Assembly of Bcl-2 into microsomal and outer mitochondrial membranes

• Published in: The Journal of biological chemistry Vol. 269; no. 13; pp. 9842 - 9849
• Main Authors: JANIAK, F, LEBER, B, ANDREWS, D. W
• Format: Journal Article
• Language: English
• Published: Bethesda, MD American Society for Biochemistry and Molecular Biology 01.04.1994
• Subjects: Animals; Animals, Newborn; Biological and medical sciences; Cell physiology; Cell transformation and carcinogenesis.
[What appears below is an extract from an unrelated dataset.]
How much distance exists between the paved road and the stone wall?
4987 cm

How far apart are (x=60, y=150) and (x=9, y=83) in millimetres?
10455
Action of oncogenes and antioncogenes; Cytochromes b5 - biosynthesis; Cytochromes b5 - isolation & purification; Dogs; Fundamental and applied biological sciences. Psychology; Intracellular Membranes - metabolism; Liposomes; Membrane Proteins - biosynthesis; Membrane Proteins - isolation & purification; Microsomes - metabolism; Mitochondria, Heart - metabolism; Mitochondria, Liver - metabolism; Molecular and cellular biology; Pancreas - metabolism; Protein Biosynthesis; Protein-Tyrosine Kinases - biosynthesis; Proto-Oncogene Proteins - biosynthesis; Proto-Oncogene Proteins - isolation & purification; Proto-Oncogene Proteins c-bcl-2; Proto-Oncogenes; Rats; Rats, Sprague-Dawley; Recombinant Fusion Proteins - biosynthesis; Recombinant Fusion Proteins - isolation & purification; Submitochondrial Particles - metabolism; Mitochondria; Cytochrome b; C terminal peptide; Molecular assembly; Biomembrane; Hydrophobic site; Microsome; Protooncogene
• ISSN: 0021-9258; 1083-351X
• DOI: 10.1016/S0021-9258(17)36960-0

Bcl-2 is thought to associate spontaneously with membranes via a carboxyl-terminal hydrophobic domain by a mechanism analogous to that of cytochrome b5. We have examined the association of Bcl-2 with a variety of highly purified intracellular membranes in vitro. Fusion proteins were used to assess directly the role of the carboxyl-terminal hydrophobic domain of Bcl-2 in membrane association. Although this domain of Bcl-2 was sufficient to promote the association of a normally cytosolic polypeptide with either microsomal or mitochondrial membranes additional nonhydrophobic amino-terminal residues were required for membrane integration. Furthermore, direct comparison of membrane binding of Bcl-2 and cytochrome b5 revealed that similar to cytochrome b5, membrane targeting of Bcl-2 was not dependent on protease-sensitive components of the recipient membranes. In competition experiments, cytochrome b5 demonstrated the expected preference for integration into endoplasmic reticulum membranes. In contrast, the data presented here suggest that Bcl-2 is targeted to the cytoplasmic surface of multiple intracellular membranes, both in vitro and in human leukemic cells.